The Odyssey Hullabaloo

Authored by Victor Davis Hanson via American Greatness,

Acclaimed British filmmaker Christopher Nolan’s (The Dark Knight, Oppenheimer) newest film, The Odyssey, opens this week in the United States.

But controversy has already surrounded Nolan’s adaptation of Homer’s 2,700-year-old epic poem about Odysseus’s 10-year struggle to return home after the Achaian victory in the decade-long Trojan War.

Some of the film’s actresses have suggested that Nolan is offering a more feminist – and long-overdue – take on the ancient poem. Actress Lupita Nyong’o, in particular, has criticized Homer’s purported sexism.

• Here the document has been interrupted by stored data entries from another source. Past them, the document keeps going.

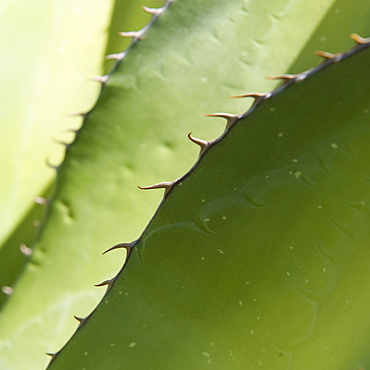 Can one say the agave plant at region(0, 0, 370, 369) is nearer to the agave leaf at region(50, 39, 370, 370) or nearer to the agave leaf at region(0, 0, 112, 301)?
the agave leaf at region(50, 39, 370, 370)

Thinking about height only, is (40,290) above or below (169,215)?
below

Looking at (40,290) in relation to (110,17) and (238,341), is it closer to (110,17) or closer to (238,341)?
(238,341)

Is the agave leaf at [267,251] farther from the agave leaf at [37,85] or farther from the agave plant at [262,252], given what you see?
the agave leaf at [37,85]

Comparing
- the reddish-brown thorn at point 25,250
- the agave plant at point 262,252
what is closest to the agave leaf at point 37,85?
the reddish-brown thorn at point 25,250

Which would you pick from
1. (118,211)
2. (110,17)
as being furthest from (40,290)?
(110,17)

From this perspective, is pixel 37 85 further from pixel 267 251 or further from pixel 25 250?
pixel 267 251

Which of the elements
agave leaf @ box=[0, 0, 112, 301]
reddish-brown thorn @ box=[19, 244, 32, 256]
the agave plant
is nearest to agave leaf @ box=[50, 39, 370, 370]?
the agave plant

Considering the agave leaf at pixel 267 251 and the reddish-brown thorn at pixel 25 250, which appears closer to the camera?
the agave leaf at pixel 267 251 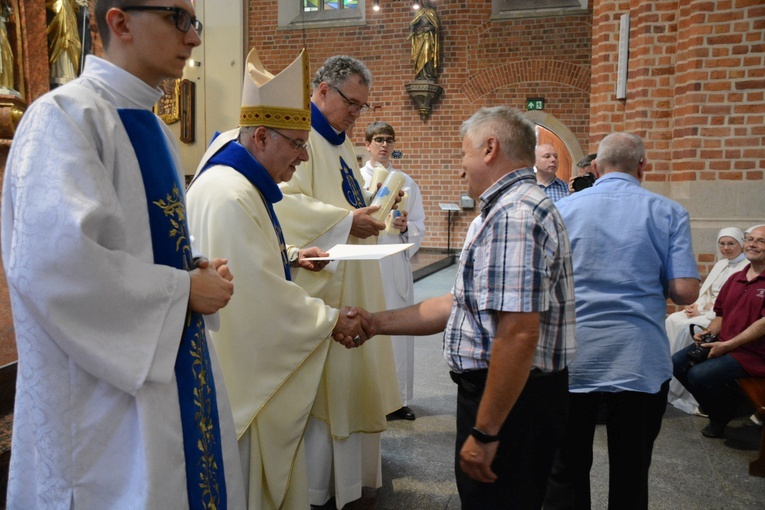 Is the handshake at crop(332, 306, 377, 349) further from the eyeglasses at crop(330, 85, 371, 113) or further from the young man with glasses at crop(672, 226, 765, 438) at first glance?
the young man with glasses at crop(672, 226, 765, 438)

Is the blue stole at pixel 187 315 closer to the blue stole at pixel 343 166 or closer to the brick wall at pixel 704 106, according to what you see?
the blue stole at pixel 343 166

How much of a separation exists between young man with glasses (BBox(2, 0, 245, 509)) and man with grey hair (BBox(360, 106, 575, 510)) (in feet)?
2.17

Perhaps her misreading of Homer stems from her admission that, despite receiving degrees from elite Hampshire College and Yale, the 42-year-old actress had never even read the Odyssey until she was cast in the minor dual roles of Helen and her sister Clytemnestra.

The Odyssey was composed orally sometime around 750-700 B.C., contemporaneously with the rise of the Greek city-state. Along with Homer’s other epic, The Iliad, The Odyssey marks the inauguration of Western literature. Over the next three millennia, it came to be recognized as not only the earliest but also one of the most profound works of Western civilization.

Far from being sexist, Homer’s Odyssey offers a timeless and diverse panorama of powerful, independent, and savvy women.

Take Penelope, the wife of Odysseus and queen of Ithaca. Unquestionably loyal to her missing husband, she outsmarts the bloodthirsty suitors who seek to force her into marriage and seize the kingdom through her steadfast courage and cunning.

She confounds them through a series of brilliant ruses, ultimately enabling her husband’s revenge.

Far different, but equally independent and crafty, are the immortal sorceress Circe and the divine nymph Calypso, who both shelter, seduce, and eventually bond with Odysseus. Both ultimately release him to continue his tragic journey home. Together they serve as archetypes of unmarried women who choose to live magical lives on their own sexual, economic, and political terms.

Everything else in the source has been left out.